Community Game Nights are currently open to teens and families from Orange County schools who register at https://bit.ly/3cEKHcH. Here’s a list of the dates and times:
Friday, April 16 from 6 to 7 p.m.
Friday, April 30 from 6 to 7 p.m.
Friday, May 14 from 6 to 7 p.m.
Friday, May 28 from 6 to 7 p.m.
Not just about gaming
Recognizing that not everyone has access to expensive gaming devices, all of the unified esports sessions will rely on cross-console and free-to-play games such as Rocket League and Among Us.
But Batac stressed that the gaming nights aren’t just about gaming. They will also offer near-peer mentorship opportunities by recruiting students and educators at the collegiate level to participate.

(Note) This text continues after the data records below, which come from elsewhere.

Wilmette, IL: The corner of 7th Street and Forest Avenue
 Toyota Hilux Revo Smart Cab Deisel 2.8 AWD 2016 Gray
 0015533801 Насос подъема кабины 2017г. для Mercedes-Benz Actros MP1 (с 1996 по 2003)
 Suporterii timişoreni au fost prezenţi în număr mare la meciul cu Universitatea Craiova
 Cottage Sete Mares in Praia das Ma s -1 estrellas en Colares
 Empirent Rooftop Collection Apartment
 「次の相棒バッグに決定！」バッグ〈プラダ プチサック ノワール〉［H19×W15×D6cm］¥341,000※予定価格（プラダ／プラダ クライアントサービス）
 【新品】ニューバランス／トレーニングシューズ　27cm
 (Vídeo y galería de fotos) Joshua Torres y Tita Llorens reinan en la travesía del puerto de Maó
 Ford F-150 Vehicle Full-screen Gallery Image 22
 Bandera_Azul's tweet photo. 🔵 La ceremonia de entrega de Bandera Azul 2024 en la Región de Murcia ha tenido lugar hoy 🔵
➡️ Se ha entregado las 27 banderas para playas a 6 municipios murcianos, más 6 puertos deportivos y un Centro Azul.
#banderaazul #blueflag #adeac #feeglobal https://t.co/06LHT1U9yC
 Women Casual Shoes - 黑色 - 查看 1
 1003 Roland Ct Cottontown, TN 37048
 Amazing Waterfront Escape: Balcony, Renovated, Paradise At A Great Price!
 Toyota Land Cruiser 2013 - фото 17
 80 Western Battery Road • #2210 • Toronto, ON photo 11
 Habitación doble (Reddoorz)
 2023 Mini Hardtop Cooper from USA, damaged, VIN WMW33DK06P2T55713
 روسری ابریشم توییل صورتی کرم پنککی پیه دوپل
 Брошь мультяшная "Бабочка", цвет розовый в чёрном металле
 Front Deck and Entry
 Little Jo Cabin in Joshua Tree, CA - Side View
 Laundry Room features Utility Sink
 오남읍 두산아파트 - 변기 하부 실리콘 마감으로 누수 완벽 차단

“Providing students with a mentor that is closer in age to them gives them more confidence to interact,” he said. “It’s one thing for an adult to tell them there are all these cool opportunities, but it’s entirely another thing if it’s a student a few years ahead of them at a nearby college sharing their potential career pathways, and they’re actively engaging in an esports program.”
NASEF was first established in 2017 with initial funding from the Samueli Foundation, though it now operates as an independent nonprofit. Collaborators include OCDE, UCI and other partners seeking to leverage the popularity of video games to promote collaboration, engagement, problem-solving and other skills.